Required action: An exact copy of every entry below is required, and no picture may appear in it.

--*--

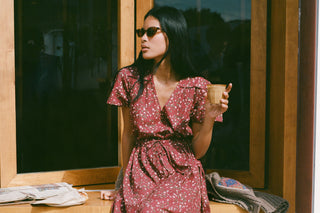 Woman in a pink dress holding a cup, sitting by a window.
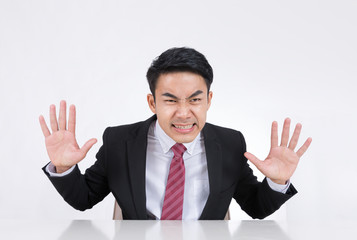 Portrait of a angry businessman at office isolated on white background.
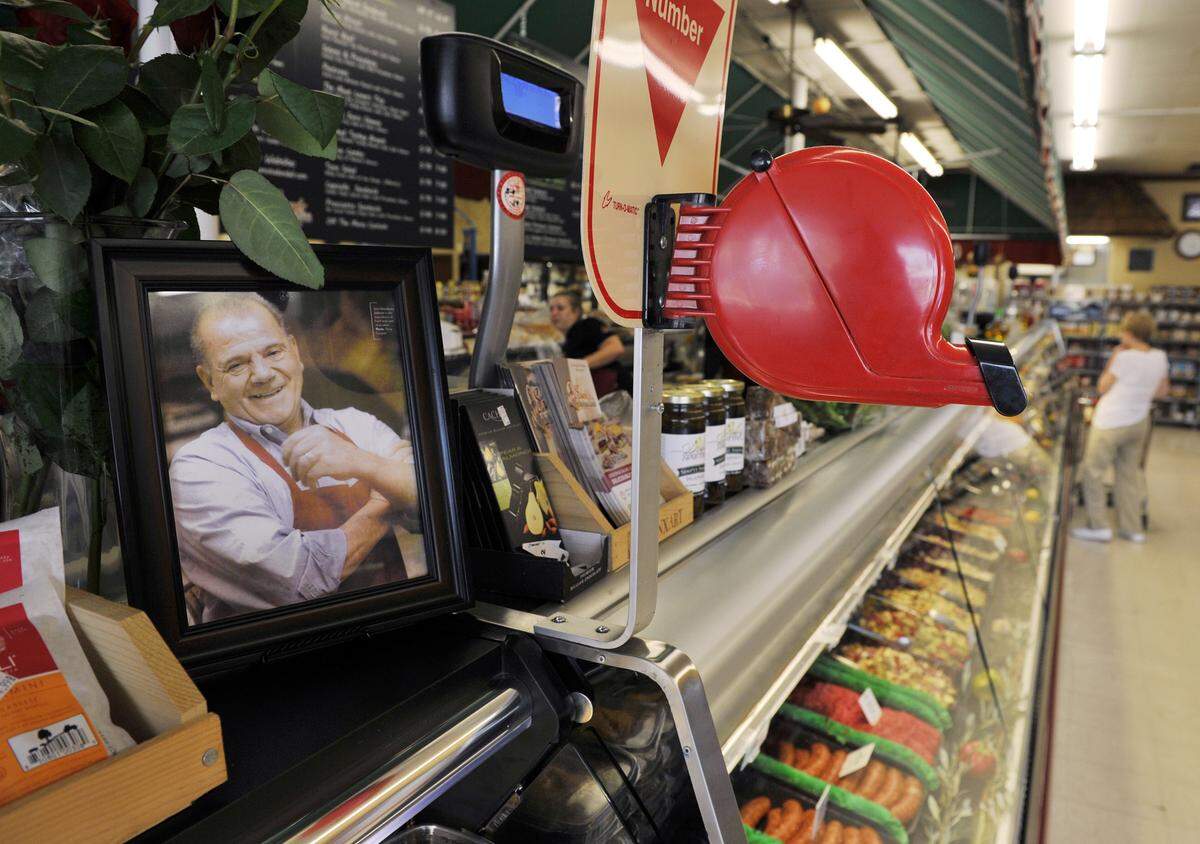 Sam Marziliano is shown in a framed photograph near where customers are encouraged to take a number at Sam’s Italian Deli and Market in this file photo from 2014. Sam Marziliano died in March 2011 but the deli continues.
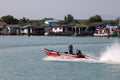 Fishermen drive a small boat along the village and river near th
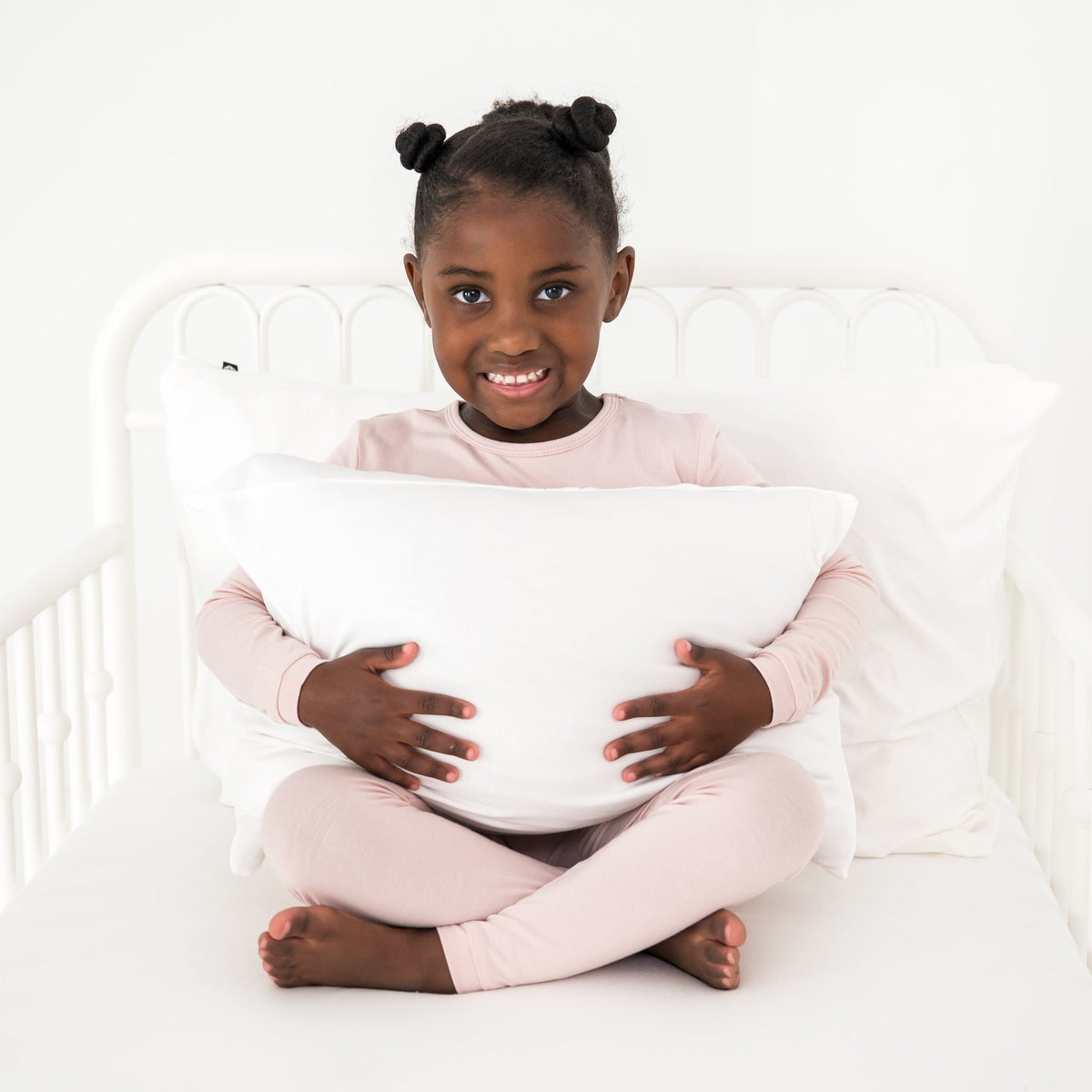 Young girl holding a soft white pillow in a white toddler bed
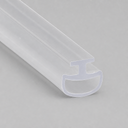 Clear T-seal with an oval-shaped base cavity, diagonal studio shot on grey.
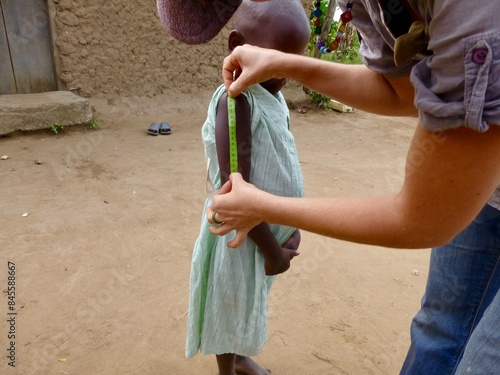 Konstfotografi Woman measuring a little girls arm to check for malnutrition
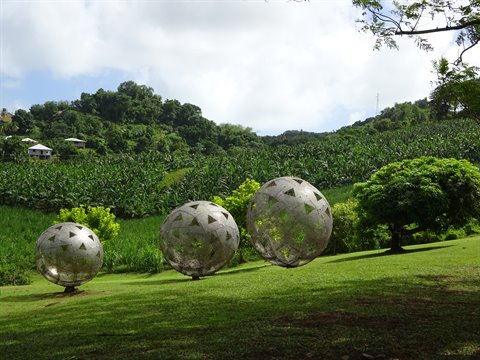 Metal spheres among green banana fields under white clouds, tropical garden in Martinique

--*--

Solution to the problem:
 Woman in a pink dress holding a cup, sitting by a window.
 Portrait of a angry businessman at office isolated on white background.
 Sam Marziliano is shown in a framed photograph near where customers are encouraged to take a number at Sam’s Italian Deli and Market in this file photo from 2014. Sam Marziliano died in March 2011 but the deli continues.
 Fishermen drive a small boat along the village and river near th
 Young girl holding a soft white pillow in a white toddler bed
 Clear T-seal with an oval-shaped base cavity, diagonal studio shot on grey.
 Konstfotografi Woman measuring a little girls arm to check for malnutrition
 Metal spheres among green banana fields under white clouds, tropical garden in Martinique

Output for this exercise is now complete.